Your assignment =
Copy out each line of the data that contains "PetCurious".
── Records
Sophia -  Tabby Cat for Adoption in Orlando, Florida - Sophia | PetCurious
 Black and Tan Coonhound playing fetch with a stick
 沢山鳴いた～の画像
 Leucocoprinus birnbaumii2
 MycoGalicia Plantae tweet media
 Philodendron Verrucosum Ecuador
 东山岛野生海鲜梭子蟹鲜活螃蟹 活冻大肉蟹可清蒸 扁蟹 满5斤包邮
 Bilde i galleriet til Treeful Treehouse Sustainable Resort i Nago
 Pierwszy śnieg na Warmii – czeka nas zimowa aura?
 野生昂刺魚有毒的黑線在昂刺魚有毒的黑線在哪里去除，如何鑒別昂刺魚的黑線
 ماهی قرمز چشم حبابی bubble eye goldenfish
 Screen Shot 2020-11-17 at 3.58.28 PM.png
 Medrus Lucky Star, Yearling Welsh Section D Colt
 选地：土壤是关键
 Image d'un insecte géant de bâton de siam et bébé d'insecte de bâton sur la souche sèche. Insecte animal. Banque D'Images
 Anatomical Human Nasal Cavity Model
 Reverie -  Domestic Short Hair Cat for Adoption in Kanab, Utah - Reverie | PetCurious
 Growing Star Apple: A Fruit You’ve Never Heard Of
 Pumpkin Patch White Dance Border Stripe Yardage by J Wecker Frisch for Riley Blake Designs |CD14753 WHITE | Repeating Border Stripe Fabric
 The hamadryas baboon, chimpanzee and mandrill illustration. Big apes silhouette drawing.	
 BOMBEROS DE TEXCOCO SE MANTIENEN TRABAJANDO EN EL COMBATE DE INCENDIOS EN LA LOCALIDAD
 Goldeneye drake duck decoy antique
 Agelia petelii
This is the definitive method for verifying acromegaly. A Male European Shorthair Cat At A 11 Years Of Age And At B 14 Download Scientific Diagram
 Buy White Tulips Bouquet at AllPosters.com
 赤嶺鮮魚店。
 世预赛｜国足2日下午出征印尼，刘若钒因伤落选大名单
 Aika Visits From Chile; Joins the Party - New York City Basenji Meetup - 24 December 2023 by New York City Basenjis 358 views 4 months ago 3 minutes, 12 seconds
────
Answer box =
Sophia -  Tabby Cat for Adoption in Orlando, Florida - Sophia | PetCurious
 Reverie -  Domestic Short Hair Cat for Adoption in Kanab, Utah - Reverie | PetCurious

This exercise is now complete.